Monday 4 March 2013

Brent's relationship with Quintain under strain over the Wembley Plan

An Officers' Report going to the Executive on March 11th reveals some areas of strain in Brent's relationship with Quintain Estates, the major developer of the Wembley Regeneration Area.

The Council accept Quintain's claim that parts of the current Wembley Retail Park are shown as suitable for tall buildings but state that this is subject to an assessment of the impact of the buildings on views. On site W18 at the Wembley Retail Park,  Quintain  argue for higher density of development but Brent responds that "the indicative residential development capacity reflects the high proportion of family housing sought on this site (thus affecting the number of habitable rooms per unit), the domestic character (resulting in an 'urban' character rather than 'central') and the incorporation of the public space within this site."
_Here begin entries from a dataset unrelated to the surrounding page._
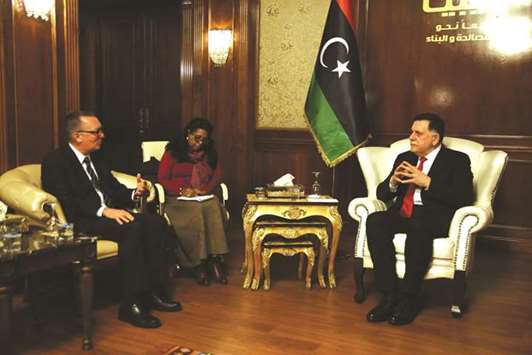 Libyau2019s unity government Prime Minister Fayez al-Sarraj meets with UN Undersecretary-General for Political Affairs Jeffrey Feltman (left) in the capital Tripoli, yesterday.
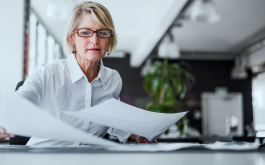 focused woman looking at papers on a table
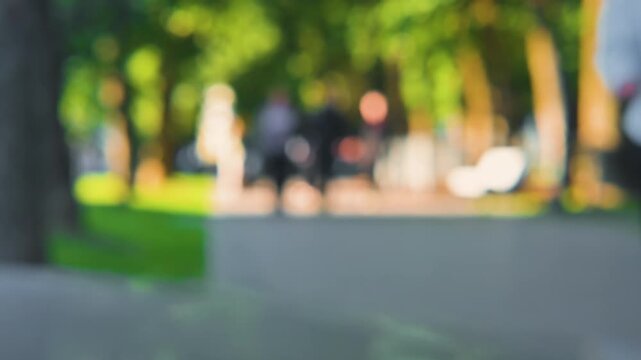 People of various ages are walking along a path in a park, surrounded by trees and greenery. Abstract blurred background of crowd of people.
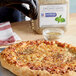 A person pouring McCormick Culinary Mediterranean Oregano onto a pizza.
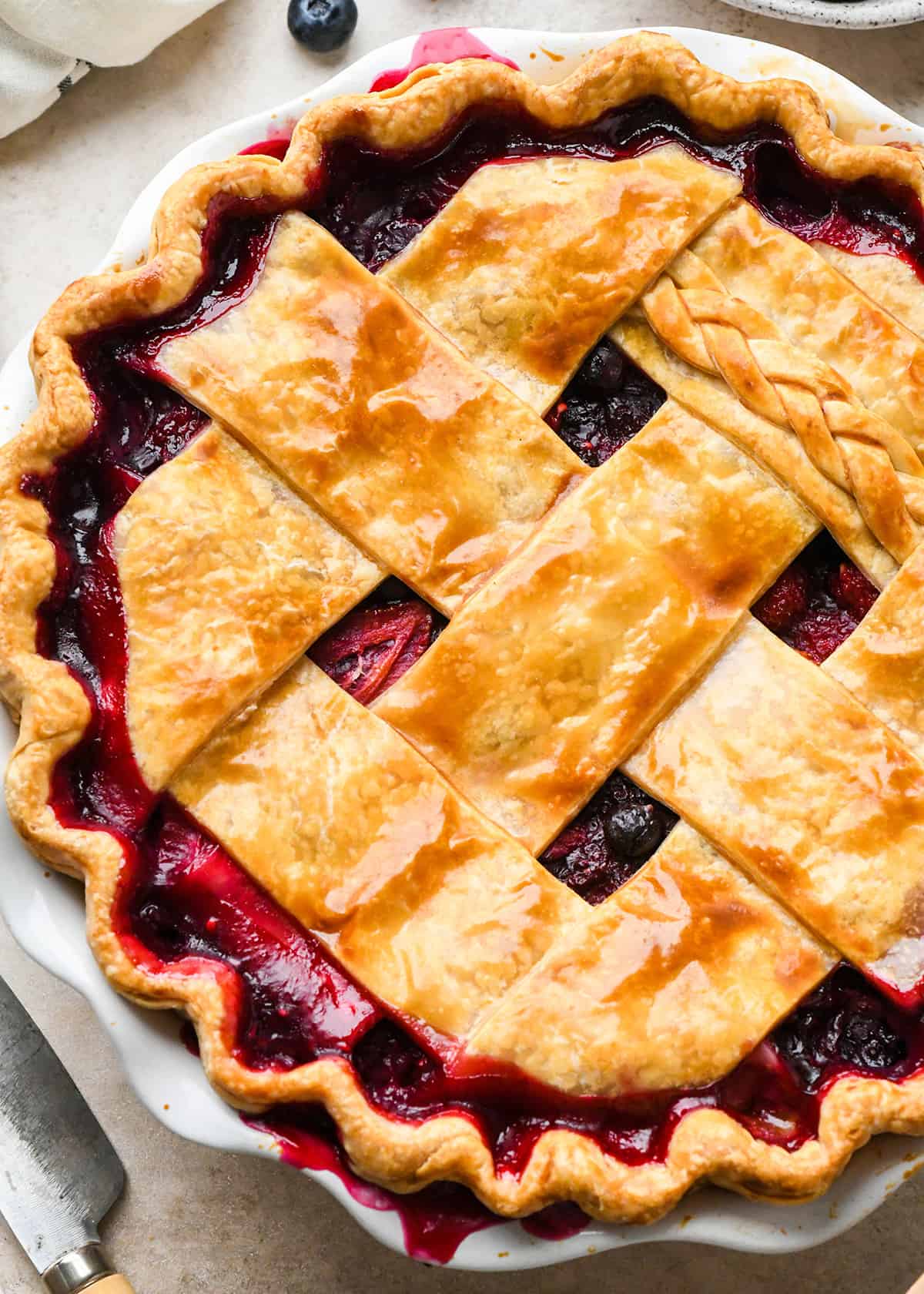 Mixed Berry Pie in a pie dish with a lattice crust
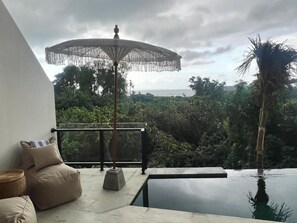 En balkon med havudsigt, en pool og udendørs møbler.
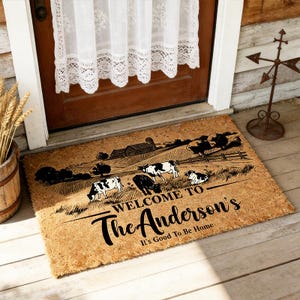 Könnte beinhalten: Eine rechteckige, beigefarbene Fußmatte aus Kokosfaser mit einem schwarzen Aufdruck, der eine Farm mit Kühen auf einer Weide und eine Scheune zeigt. Der Text lautet: WELCOME TO The Anderson's It's Good To Be Home. Die Matte hat eine grobe Struktur.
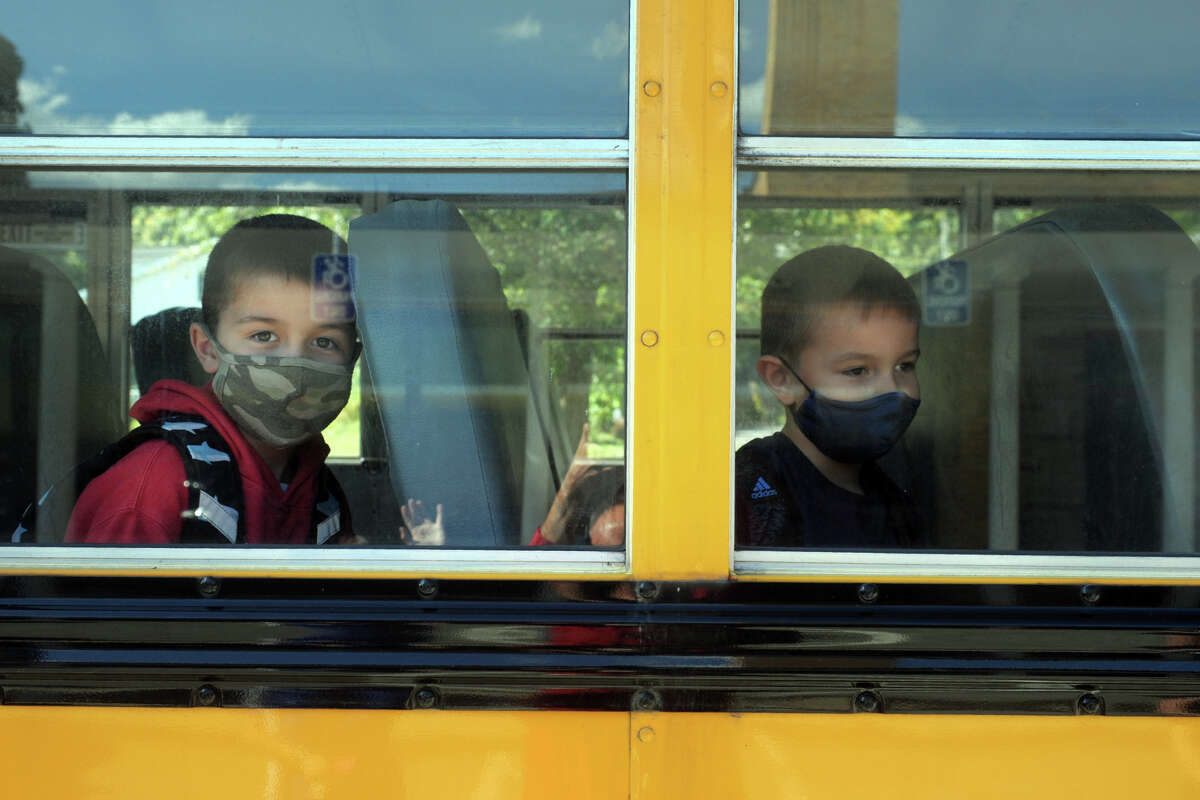 Second graders Logan Vanhoose, left, and Fabian Stawiarski sit on their bus at the end of the school day at Sunnyside Elementary School, in Shelton, Conn. Sept. 30, 2020.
Quintain object to the policy requirement that the development of the car park at York House (Site W9) should be relatively low rise and should include a substantial area of open space. Brent Council respond that there is still a deficit of open space in the area and the site provides scope for publicly accessible open space between buildings. 'Relatively low rise' reflects the high rise nature of York House and the need to provide good levels of sunlight in existing and new open spaces.
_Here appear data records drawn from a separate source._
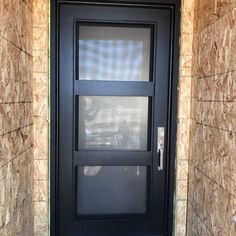 a black door on a stone building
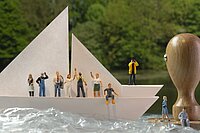 Diverse Miniaturfiguren, die auf einem Boot sind und sich auf dem Weg zu einem Stempel befinden.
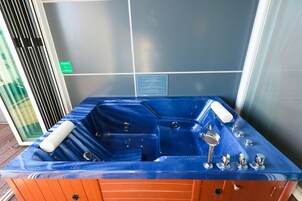 Una bañera de hidromasaje azul con base de madera, una placa en la pared y una ventana con persianas.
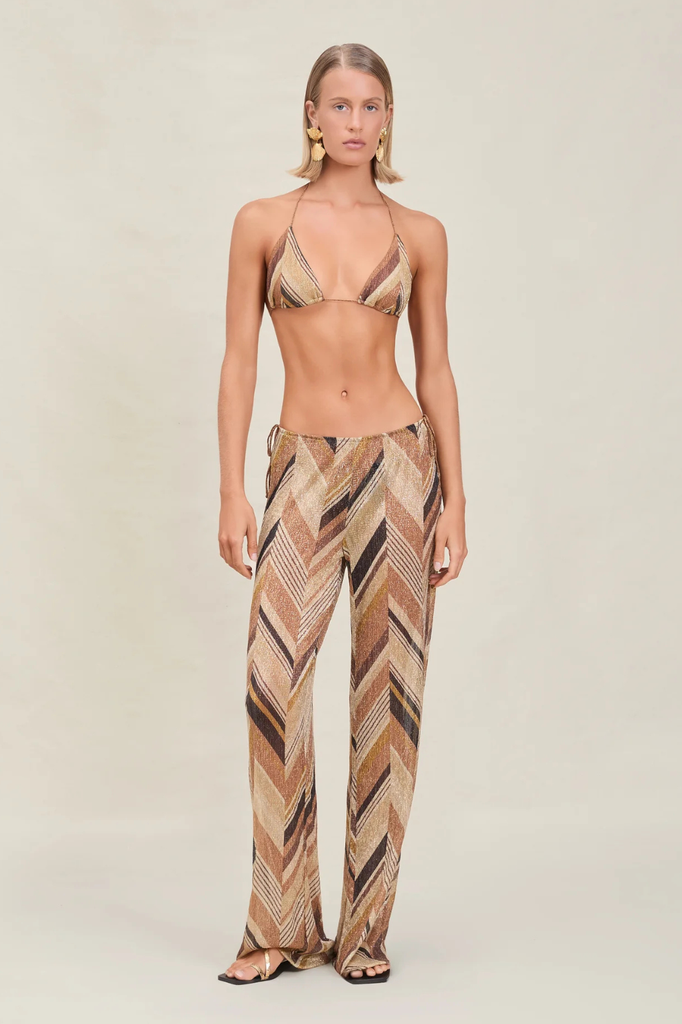 Woman wearing a patterned bikini and pants on a plain background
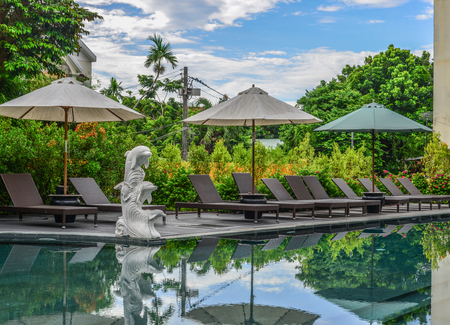 Hoi An, Vietnam - Jul 20, 2018. Swimming pool of luxury resort in Hoi An, Vietnam. Hoi An is a city...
In line with apparent reservations on surrendering building land for open space, Quintain consider there is too much detail on the proposed park north of Engineers Way and particularly object to its East-West orientation.  Brent respond that this is fundamental to achieve an open aspect to 'what will be a densely developed area' and that the space would connect the proposed new primary school at Fulton Road,on the west side, to its catchment area in the residences to the east.

It appears that  Quintain's approach can be summarised as: build tall, build densely, and with limited open space.  Presumably this would extract more profit from their land acquisition. They go further in this statement which seems to threaten section 106 planning gains:
WEM36 and WEM38 set out requirements that major new development provides new open space and food growing facilities. Such exceptional provision, which also includes the provision of play space in WEM40 and wildlife enhancements inWEM41, will have an impact on viability and thus will have an impact on Section 106 obligations, after CIL.
Brent Council deal firmly with Quintain's objection to the provision of large food stores (over 2,000 sq m) being directed to Wembley High Road. The Council argue that this is essential to benefit the whole area and in order not to let the regeneration of the stadium area lead to a decline in the High Road. The argument is that new shops on the High Road between the junction with  Park Lane and Wembley Triangle will establish continuity between the older area and the new development.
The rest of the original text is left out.